There can be no dispute about the fact that Sunday’s attack was an enormous tragedy, one that fell disproportionately upon the shoulders of Egypt’s Coptic Christian community. The vast majority of those who were injured and killed in the attack were Coptic Christians headed to the Radio and Television Building in downtown Cairo, aiming to protest about a perceived lack of concern, on the part of Egypt’s military rulers, about the continued harassment and discrimination that Copts face in contemporary Egypt. This concern about the harassment and discrimination with which Copts are burdened is legitimate, vitally important, and merits attention not simply from the Supreme Council of the Armed Forces, but from all Egyptians. Since an Alexandria church was attacked on New Year’s Day, resulting in the deaths of over twenty Copts, there has emerged a far greater consciousness within Egypt about the sectarian cultural climate in the country – a climate that has become dangerously polarized over the past several decades.

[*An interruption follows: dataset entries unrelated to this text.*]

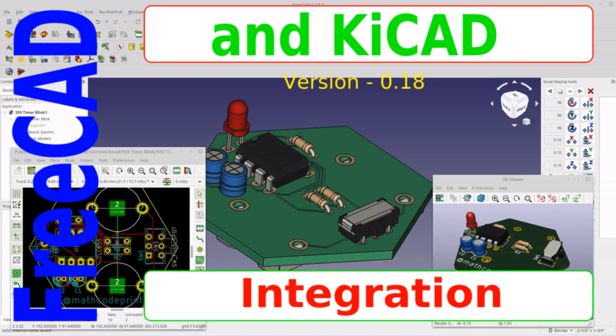Hello and welcome to my channel. Today's video is going to be walking through how to use the KiCad step-up module to bring a KiCad drawing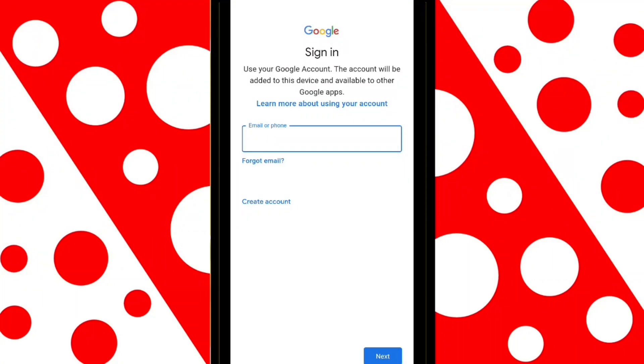Do you want to know how to recover your Google account without an email, password, or phone number? In this video, I'll show you step-by-step how to get it back.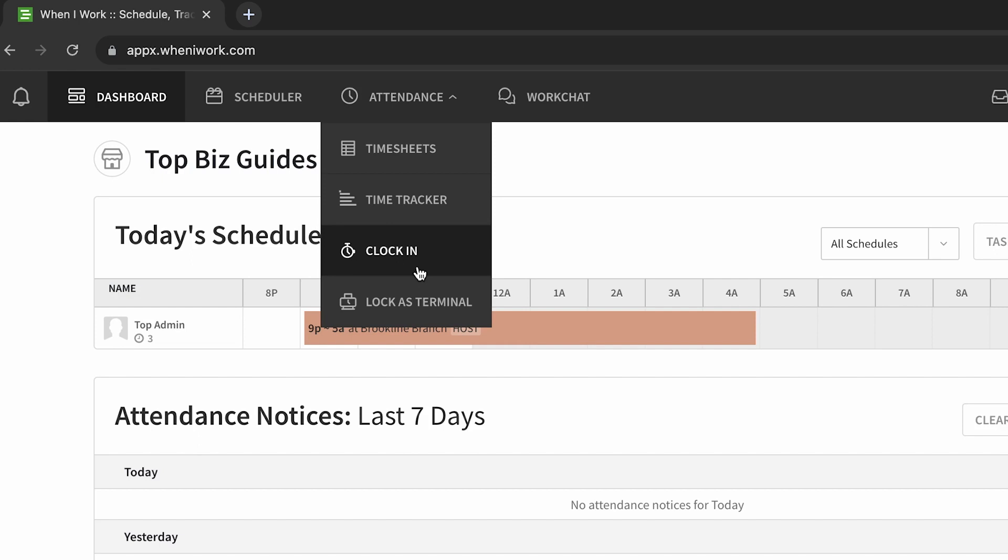Another thing to keep in mind would be that they might be limited to only clock into their shift a certain time before, so only if they're within five minutes, 15 minutes, or 30 minutes of their shift they'll be able to clock in. If they're too early, they might not see the option to clock in.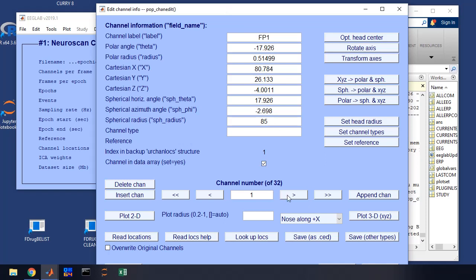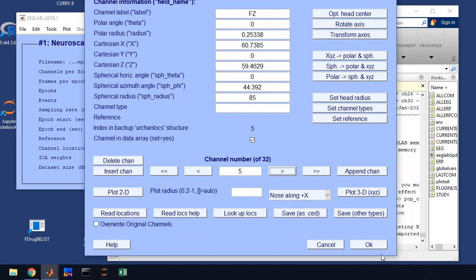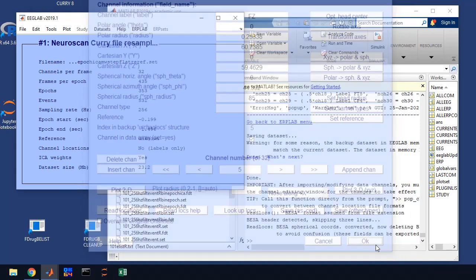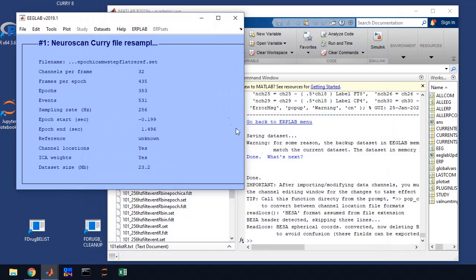And you're going to see a channel list come up. This is our channel label, should say FB1, FB2, et cetera. If it does, everything's gone well, you can click OK. And now we have our channels back in our data set.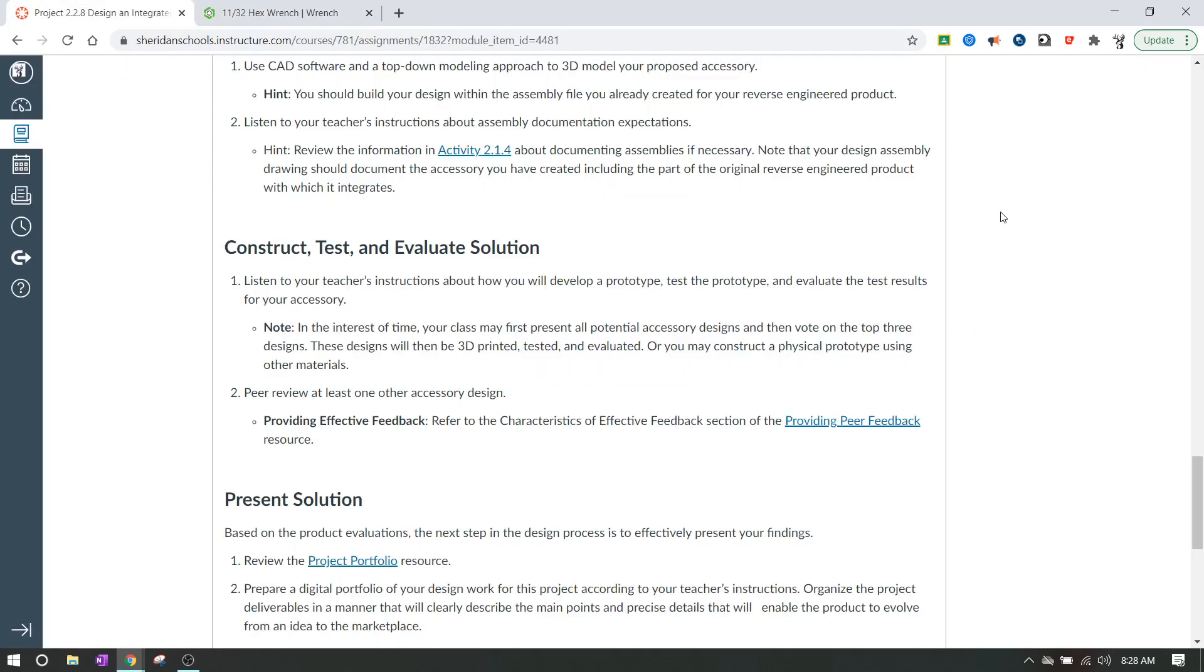Okay, and then one last thing is you're going to need at least one peer review of at least one other accessory design. So you're going to give a review of somebody else's work, and you're going to turn that in. You're going to turn in your review of somebody else's work to me. You are not turning in the other person's review. You're turning in your review of one other accessory design. So you're going to look at the people around you, and you're going to say, hey, how does this look? Could I do better? What needs to be done? How does this look?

However, to my mind, it is precisely because of that dangerously polarized sectarian climate that we who write about Egypt need to take careful heed of how we characterize what is unfolding at the moment. And again, this is not to minimize the legitimate grievances of Copts or the need to bring attention to them. Indeed, as I have written in the past, the period since the January 25 revolution has witnessed an unprecedented efflorescence of Coptic protest on Egyptian soil that is, to my mind, a wholly welcome development. There once existed a strange chasm among Coptic Christians, between those in the diaspora, who felt obliged to cast light on the harassment and discrimination they and their families had suffered in Egypt, and those living in Egypt, who felt constrained to toe the line of national unity endorsed by the Egyptian state and the Coptic Orthodox Church.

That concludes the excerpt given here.